After serving as a platoon leader in Vietnam, Kelly hit the streets of New York, where levels of crime and disorder were rising to unprecedented heights. “I was finally home from the Marine Corps but suddenly back on a battlefield.” Kelly worked in several of the city’s toughest neighborhoods, such as Bedford-Stuyvesant, Crown Heights, and East Harlem, and in a variety of special units, including Manhattan South Public Morals. During undercover assignments in the fleshpots of Times Square, he had the opportunity of “witnessing acts the nuns at St. Gregory’s had never warned me about.”

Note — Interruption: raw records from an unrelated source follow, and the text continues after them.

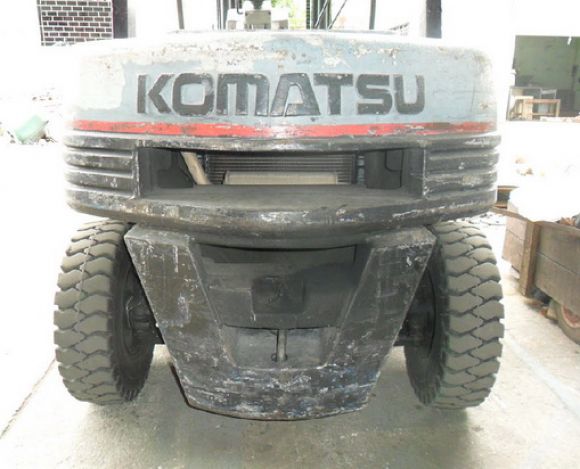 ขายรถยก FORKLIFT ยี่ห้อ KOMATSU รุ่น FD20-11 ขนาด 2 ตัน ราคา 180000 บาท ขายแล้ ขายรถยก FORKLIFT ยี่ห้อ KOMATSU รุ่น FD20-11 ขนาด 2 ตัน ราคา 180000 บาท ขายแล้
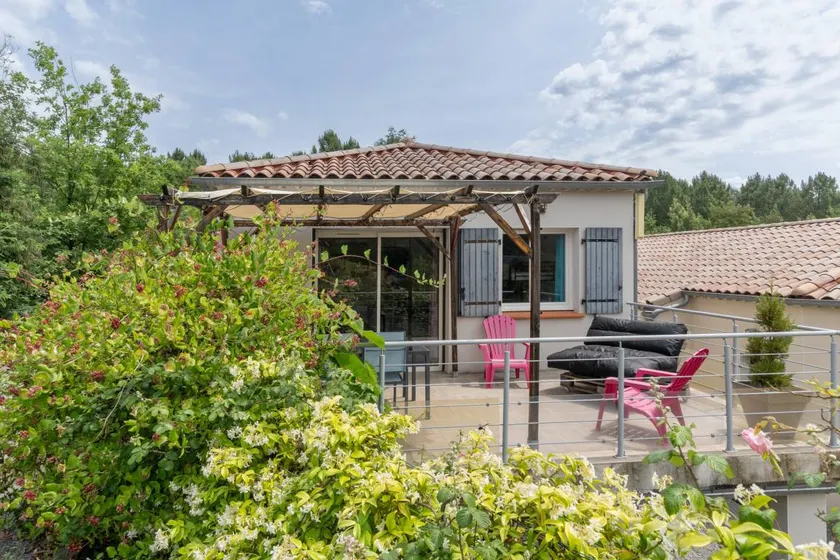Holiday Home 'Le Pequelet' with Shared Pool, Wi-Fi and Air Conditioning - Image 1
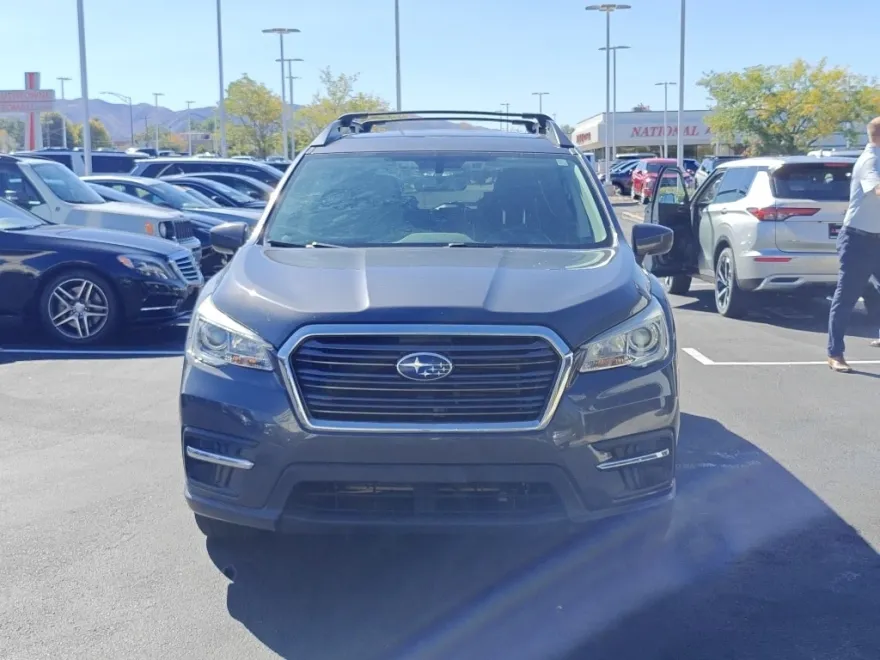 2020 Subaru Ascent Premium photo 1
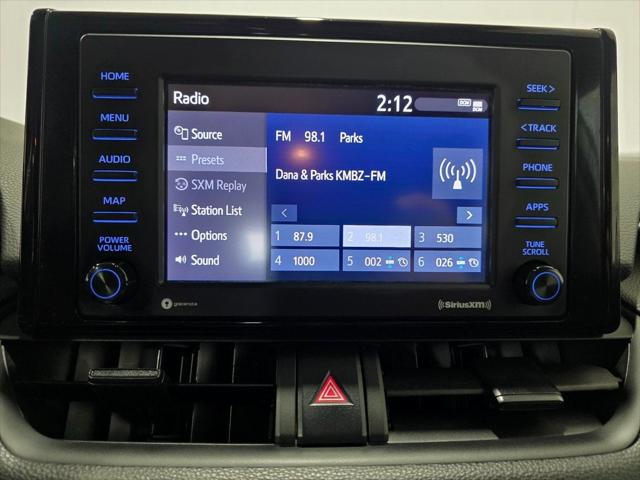 2021 Toyota RAV4 LE 2021 Toyota RAV4 LE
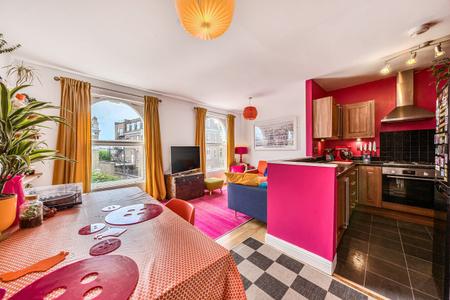 Uxbridge Road, Shepherd's Bush, London, W12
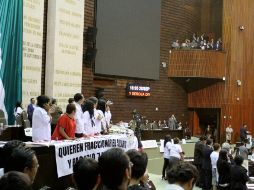 Ante la toma de la tribuna, la presidencia de la Mesa Directiva dirigió la sesión desde un balcón. NTX  /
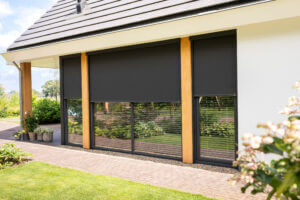 Screens halficht zijkant huis - SunLub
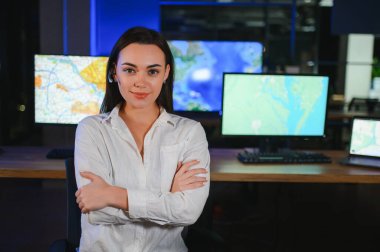 Ofiste bir bilgisayarda çalışma başarılı hareket memuru fotoğrafı.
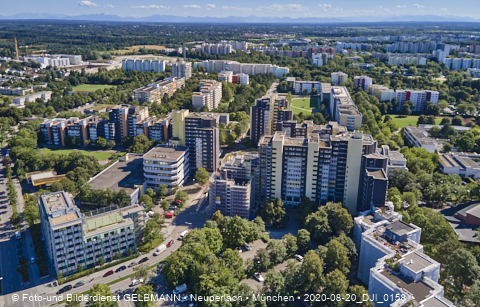 09.09.2020 - Luftbilder vom Karl-Marx-Ring 52-62 und Marx-Zentrum mit Umgebung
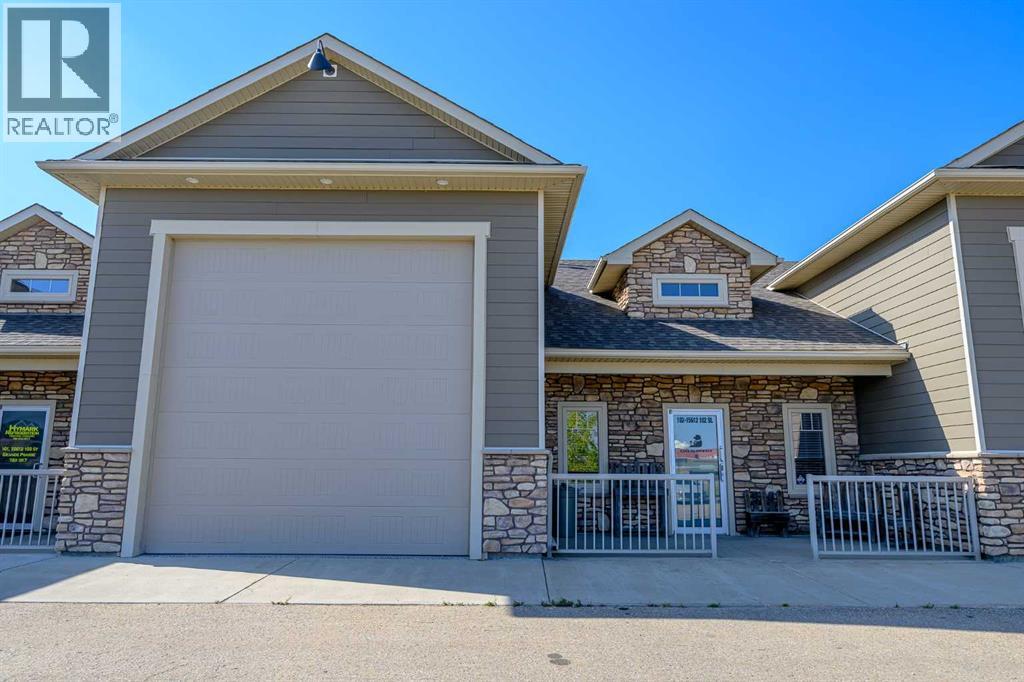15612 102 Street Unit 102, Grande Prairie, AB T8X 0K7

He gained the inside track to commissioner when he quelled a race riot in Crown Heights. Though now one of Brooklyn’s most rapidly gentrifying neighborhoods, Crown Heights in 1991 was a powder keg of poverty and ethnic resentment. One August evening of that year, an Orthodox Jew driving the last car in a motorcade ran a red or yellow light (“depending on whom you believe”), hit another car, spun onto the sidewalk, and pinned two young black children against an iron window grate. One of the children died, and a Jewish graduate student was promptly stabbed and beaten to death in retaliation. Then followed three days of further assaults, looting, and vandalism, much of it inflicted on the local Jewish community. Visits by Mayor Dinkins and Police Commissioner Lee Brown, whose car was pelted with rocks, failed to calm tensions. At the time, Kelly had no direct responsibility in his position as first deputy commissioner. But he was eventually tasked with ending the violence — partly because of his past experience with the neighborhood — and he managed to do so in short order with the help of a mounted unit. Crown Heights could thus be described, almost literally, as Ray Kelly’s man-on-horseback moment.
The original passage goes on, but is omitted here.